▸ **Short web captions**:
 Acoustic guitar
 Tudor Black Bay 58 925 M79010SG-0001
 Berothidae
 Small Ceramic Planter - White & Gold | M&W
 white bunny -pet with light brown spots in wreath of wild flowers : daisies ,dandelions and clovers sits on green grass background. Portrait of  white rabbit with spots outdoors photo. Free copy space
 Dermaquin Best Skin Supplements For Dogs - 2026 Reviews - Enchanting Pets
--
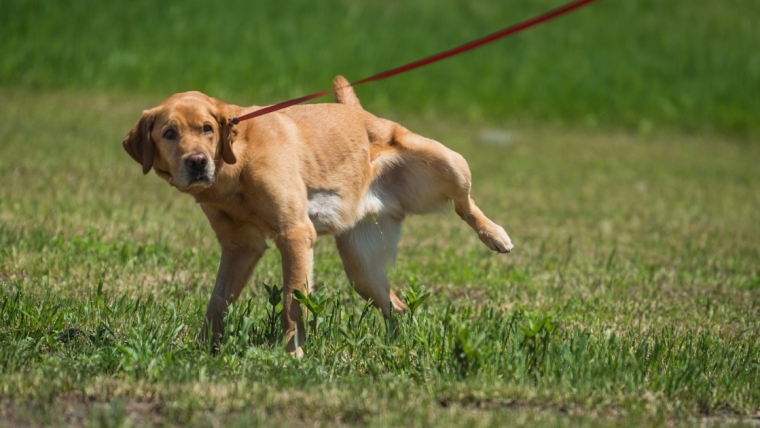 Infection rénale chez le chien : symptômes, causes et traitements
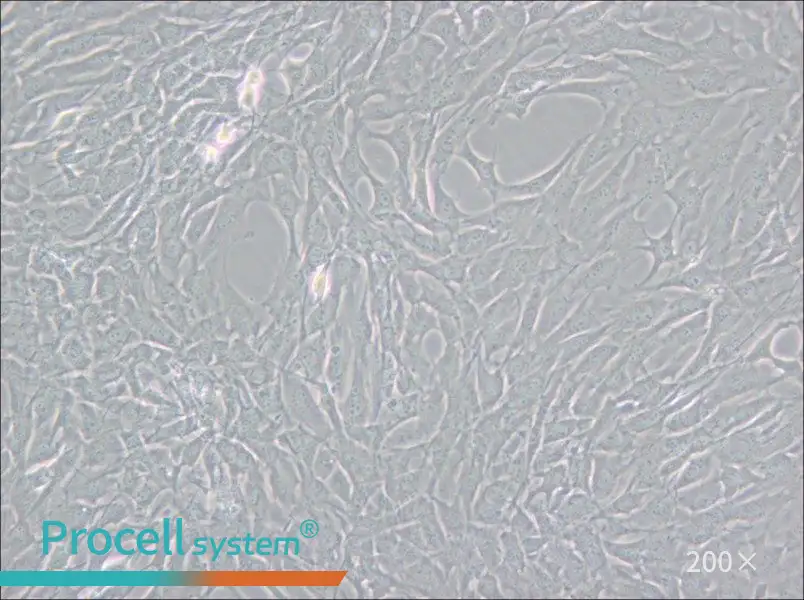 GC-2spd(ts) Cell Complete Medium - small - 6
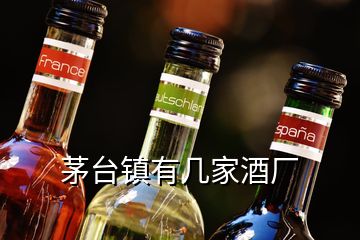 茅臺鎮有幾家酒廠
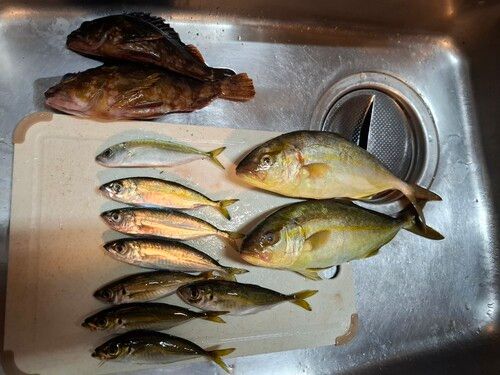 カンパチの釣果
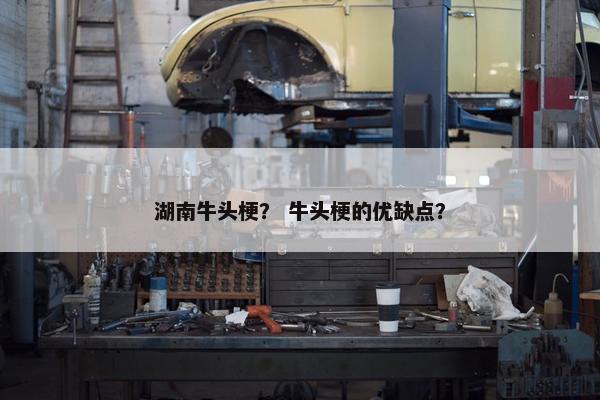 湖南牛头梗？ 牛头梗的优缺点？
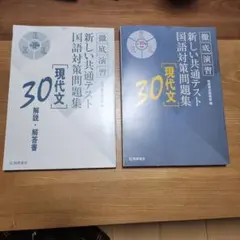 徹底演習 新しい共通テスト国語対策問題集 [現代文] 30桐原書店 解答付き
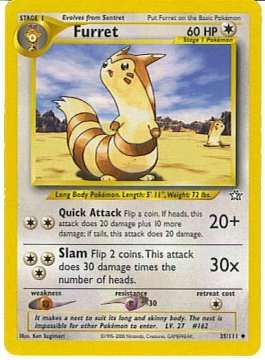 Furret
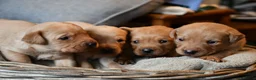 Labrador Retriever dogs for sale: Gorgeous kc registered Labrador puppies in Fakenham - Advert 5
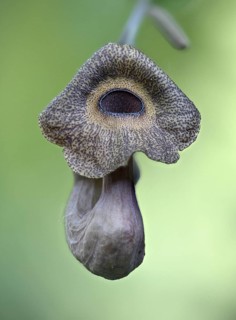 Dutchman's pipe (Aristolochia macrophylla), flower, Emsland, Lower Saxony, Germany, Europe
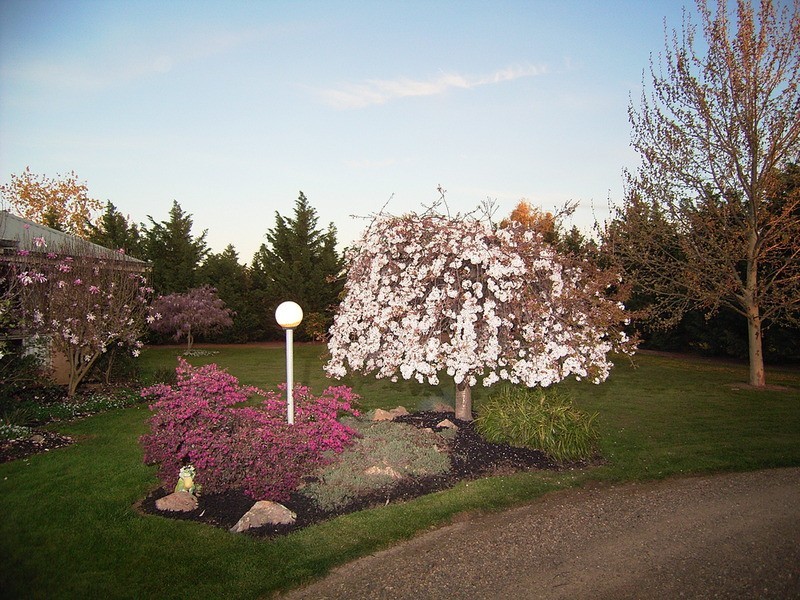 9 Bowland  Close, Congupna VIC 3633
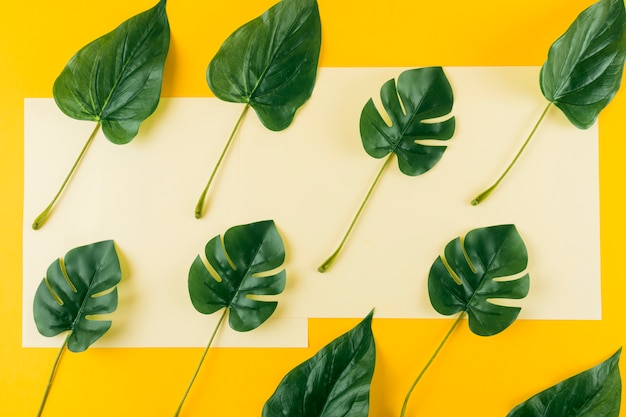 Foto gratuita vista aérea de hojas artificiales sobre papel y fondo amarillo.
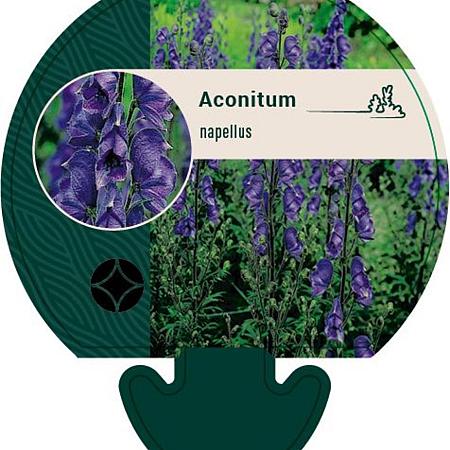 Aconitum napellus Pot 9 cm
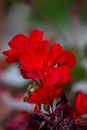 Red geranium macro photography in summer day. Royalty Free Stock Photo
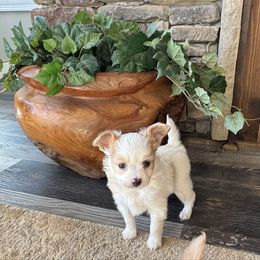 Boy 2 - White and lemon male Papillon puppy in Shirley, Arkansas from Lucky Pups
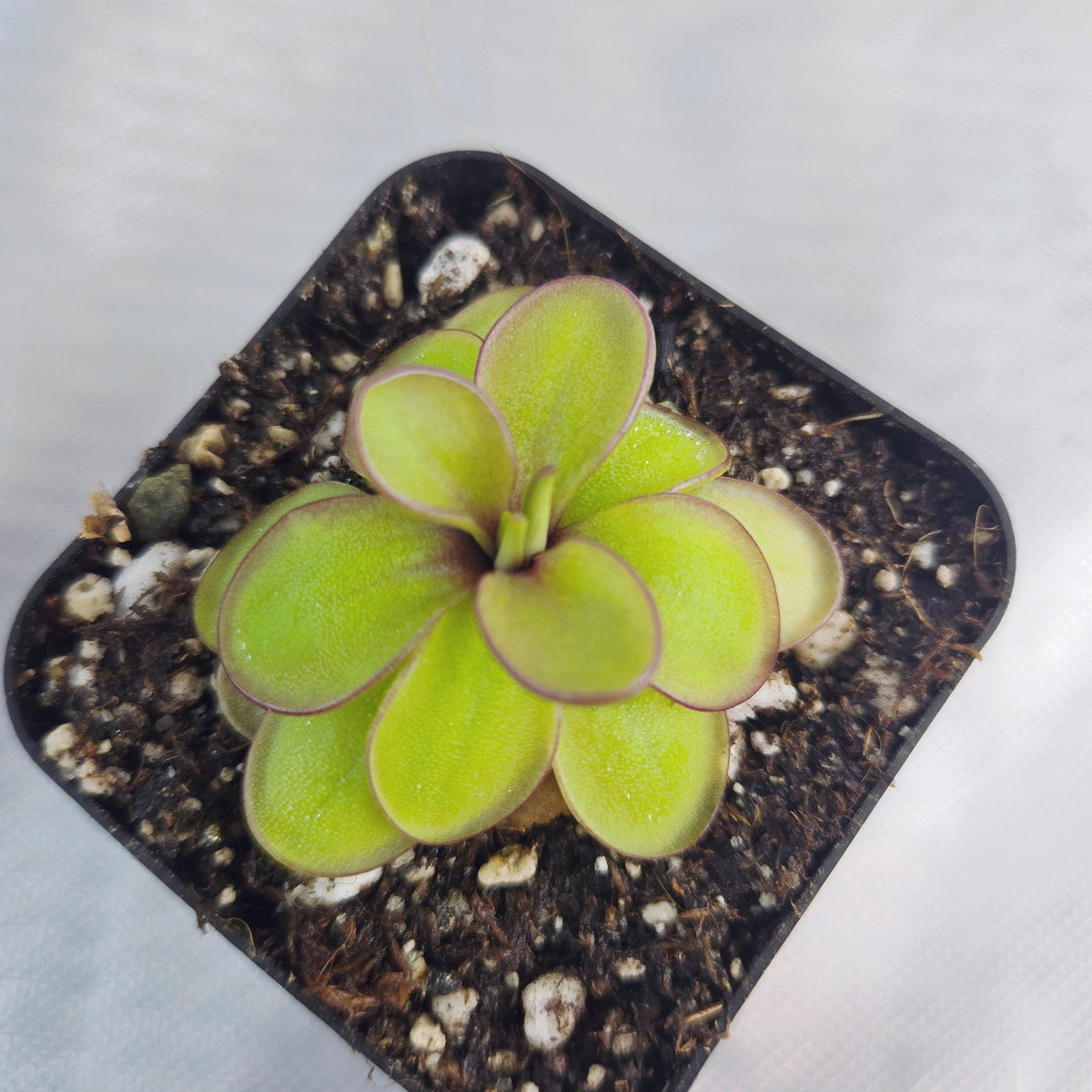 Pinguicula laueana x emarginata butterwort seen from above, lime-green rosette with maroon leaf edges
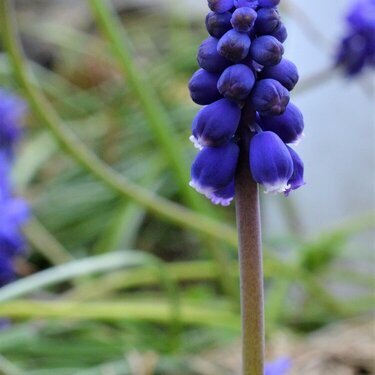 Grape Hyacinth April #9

▸ **Task directions**: Please make an exact copy of the lines above from the line with "Acoustic guitar" through the line with "Dermaquin Best Skin", both ends included.

▸ **Output of the exercise**:
 Acoustic guitar
 Tudor Black Bay 58 925 M79010SG-0001
 Berothidae
 Small Ceramic Planter - White & Gold | M&W
 white bunny -pet with light brown spots in wreath of wild flowers : daisies ,dandelions and clovers sits on green grass background. Portrait of  white rabbit with spots outdoors photo. Free copy space
 Dermaquin Best Skin Supplements For Dogs - 2026 Reviews - Enchanting Pets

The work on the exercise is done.